**PROMPT:** From the material below, reproduce exactly the stretch of lines that begins with the line holding "Renault Megane 1.4 16V Alize - 11" and ends with the line holding "Kính xinh và", skipping the pictures.

**AVAILABLE DATA:**
========================

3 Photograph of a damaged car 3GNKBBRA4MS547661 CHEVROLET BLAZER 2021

========================

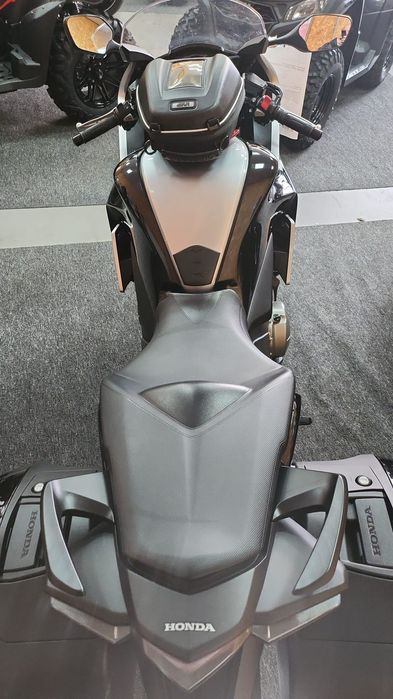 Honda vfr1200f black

========================

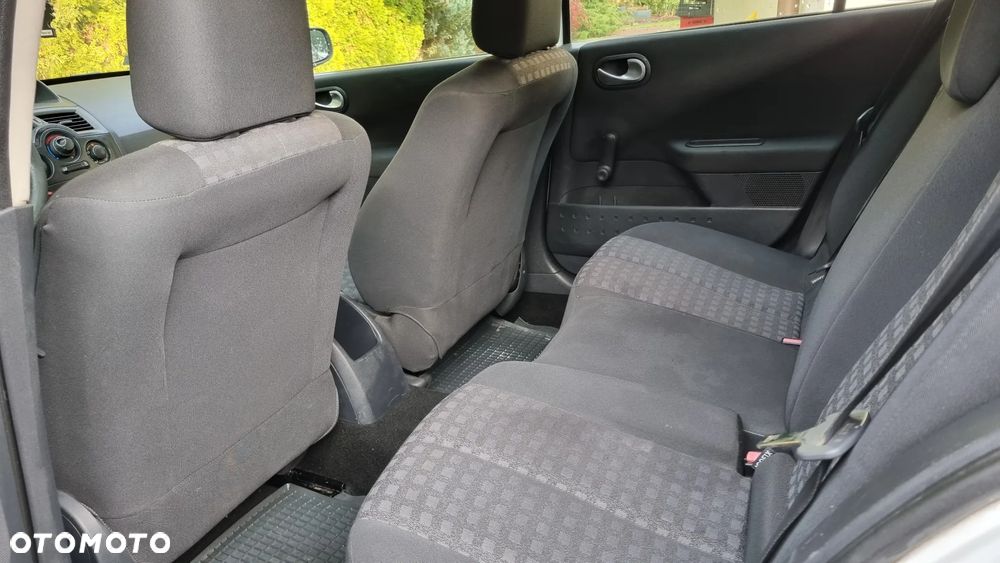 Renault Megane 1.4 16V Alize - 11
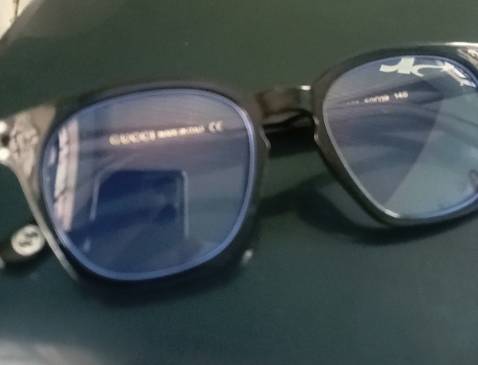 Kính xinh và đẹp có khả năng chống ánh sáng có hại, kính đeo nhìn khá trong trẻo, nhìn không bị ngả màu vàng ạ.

========================

**RESPONSE:**
 Renault Megane 1.4 16V Alize - 11
 Kính xinh và đẹp có khả năng chống ánh sáng có hại, kính đeo nhìn khá trong trẻo, nhìn không bị ngả màu vàng ạ.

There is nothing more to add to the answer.